Inside the Texas Grocery Store That Gave Away Carts Full of Food When the Electric Went Out 

A chorus of groans could be heard throughout the store when the power stopped, says one patron who was moved by the grocer's gesture

HEB texas
Photo: Courtesy Debbie Hennessy

When there was a break in the deep freeze that swept across Texas last week, Tim Hennessy and his wife Deb piled into his Jeep and headed for the grocery store for a few last-minute supplies.

There was a line to get into the store, so Tim did what most Texans do: he made friends with the strangers around him.

"I love people," says Tim, who lives in Leander, Texas, about 30 minutes north of Austin. "I was teasing the people in front of me. I said, 'You know, they only have liver and lima beans left.' We all started to laugh."

It was a much-needed laugh for many who endured power outages amid the icy storm — which, in many cases, cut off their access to heat — and for others forced to deal with water shortages, leaving them without ways to drink or shower.

Taking advantage of the weather break, dozens lined up at H.E.B., a beloved grocery store chain for many Texans. The New York Times recently wrote about its cult following, which includes patrons wearing T-shirts and others posting to TikTok as proud members of its fandom.

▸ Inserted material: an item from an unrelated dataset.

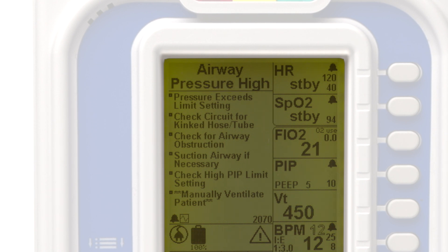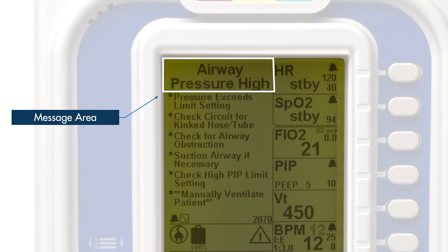During an alarm event, there are several key areas of the display to focus on. At the top left is the message area. During an alarm event, the waveform window is replaced with the on-screen Smart Help alarm instructions.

Once inside, the Hennessys began filling their cart with their family's requests — milk, tortillas, fruits and vegetables — when it happened again.

"We're there about 10, 15 minutes, then boom! The power goes out," he recalls. "You could hear a groan throughout the whole store."

For more on the crisis in Texas, pick up the latest issue of PEOPLE, on newsstands Friday, or subscribe here.

They waited to see if the power would return, but as the minutes ticked by, the couple decided to make their way to the checkout line where everyone in the store started lining up. There were about a dozen people in front of him, he says.

As they settled in for the long wait, he realized the line began to move. Swiftly. As they approached the cashier, she waved her hands and told them, "Go home, and be safe driving home."

It took Tim a minute, he says, to realize everything in their cart was free.

"I think everybody thought it was just a great gesture," he says. "And I think just because of that, it makes you want to help other people in that moment too."

The couple immediately teared up at the gesture. Tim shared his story on his Facebook page and it immediately went viral.

H.E.B. did not return a call for comment.

Tim says he realized how fortunate he was despite the disaster.

"What's amazing about stuff like that, this country's gone through some tough times this last year or two," he says. "And compared to the rest of the world, we're really fortunate here."